4 913 ruptures conventionnelles en un peu moins de 4 ans dans la fonction publique d’État, 1 931 dans la territoriale en 2022 et 3 071 dans la fonction publique hospitalière la même année. C'est le bilan de la mise en place à titre expérimental de la rupture conventionnelle dans la fonction publique depuis le 1er janvier 2020.
Les chiffres sont modestes comparés à celui des ruptures conventionnelles dans le secteur privé : 130 300 ont été signées pour le seul 2e trimestre 2025 en France métropolitaine selon la Dares. Cependant, ils démontrent que le besoin d'une rupture à l'amiable des relations de travail entre un fonctionnaire et son administration existe, et ce d’autant plus que le dispositif est resté assez méconnu des fonctionnaires pendant cette phase d’expérimentation.

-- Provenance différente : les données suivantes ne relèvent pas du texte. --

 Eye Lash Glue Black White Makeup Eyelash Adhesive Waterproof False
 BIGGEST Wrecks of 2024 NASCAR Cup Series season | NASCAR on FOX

C’est d’ailleurs la conclusion de l’étude du Ministère de l’action publique, qui pointe dans son rapport de décembre 2024 plusieurs avantages de la rupture conventionnelle, dont «sa souplesse et son caractère amiable, en complément des autres modalités de cessation de fonctions existantes». Résultant d’un accord commun, elle permet aussi «d’éviter des situations contentieuses».
Un dispositif pérennisé ?
Malgré ce bilan positif, les jours de la rupture conventionnelle dans la fonction publique sont comptés. En effet, l’expérimentation arrive à échéance le 31 décembre prochain, et rien n’est encore fixé pour la suite.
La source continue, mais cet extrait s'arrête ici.